For some students, four years of hard work in a language program at Blair can result in a deep and holistic understanding of a foreign language. Unfortunately, this is rarely the case. The majority of Blair students only learn the basics of a language and possess a surface level understanding of that language's related culture and history by the time they graduate high school.

Effectively teaching a foreign language to high school students is difficult to accomplish. In the field of language education, the criteria of what exactly comprises efficient language teaching continues to elude teachers, students, and administrators. The extent of which a student learns is dependent on a variety of different conditions, including age, home encouragement, commitment and the teacher. Of course, all of these factors vary for each Blair student, but an overall trend can be seen where the rigor required to learn a language is only applied towards the end of Blair language cycle, in levels four and above.

Layla Cook instructs her Spanish 3 class Photo courtesy of Katie Calingaert.

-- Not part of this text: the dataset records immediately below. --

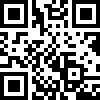 https://ibna.ir/xc5X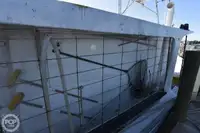 Kapal longliner kanggo didol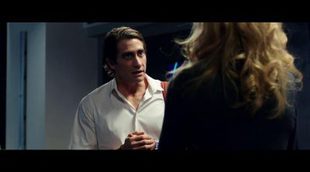 Trailer 'Nightcrawler'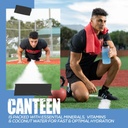redcon1-canteen-hydration-electrolytes-s-6.jpg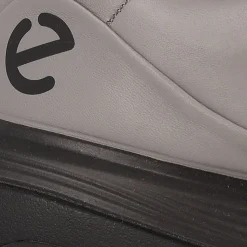 ECCO Golf LT1 BOA Spikeless Golf Shoes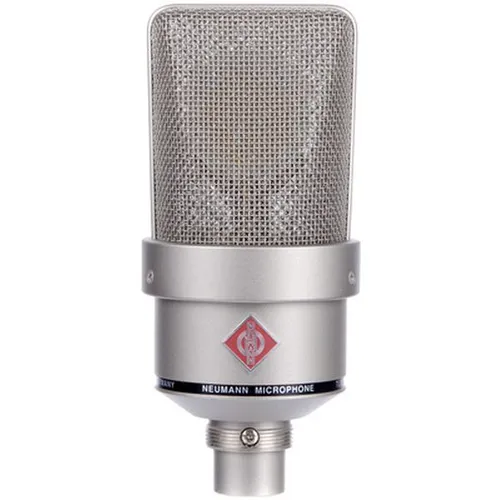 Neumann TLM 103 ni Studio-Set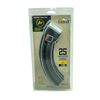 Image 1 : Butler Creek A17 17 HMR 25 Round Rifle Magazine New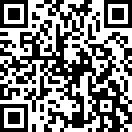 全国妇幼绩效成绩公布，中山市博爱医院荣获A+等级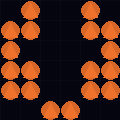 45.87.100.60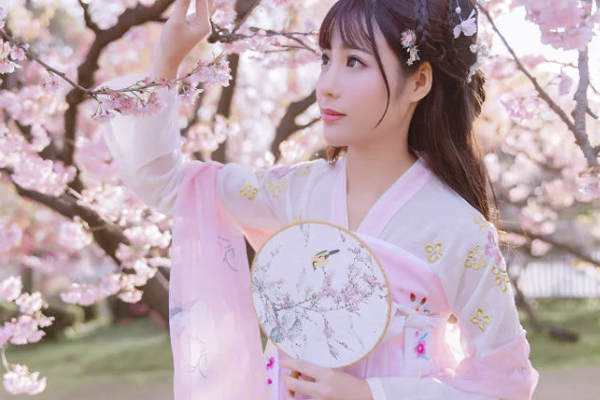 柠檬树私人定制婚纱摄影套系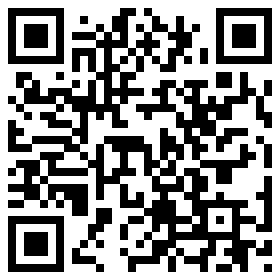 qrcode für GETAC SU1N6CQSSPXX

MCPS takes a six year approach at teaching a foreign language, where each year represents a level. Levels 1-3 are meant to establish a basic understanding of speaking, reading and writing. Culture and history are not the emphasis of the class. By the end of third year, a surface understanding of the language is developed as students learn the fundamentals of how to speak, read and write. The curriculum includes past, future, and present tense however, present and past seem to take priority and be the strengths of Blair students. Blair freshman Katalin Schuffert, is in Japanese 1 and describes the class, "We mostly repeat and memorize different phrases and vocabulary words. She [Teacher Zoll Yoko] hasn't taught us tenses yet, only the alphabet," Schuffert explained.

While students do cultivate a basic knowledge of a foreign language in the first three years, the amount learned is not adequate enough to provide MCPS students with the ability to speak the language effectively and with fluidity, because there is not enough opportunity to practice. Blair teachers only have four years to teach students, but a six year program is maintained. This innately diminishes the chances that students will be able to learn a new dialect if they start learning a new language in high school.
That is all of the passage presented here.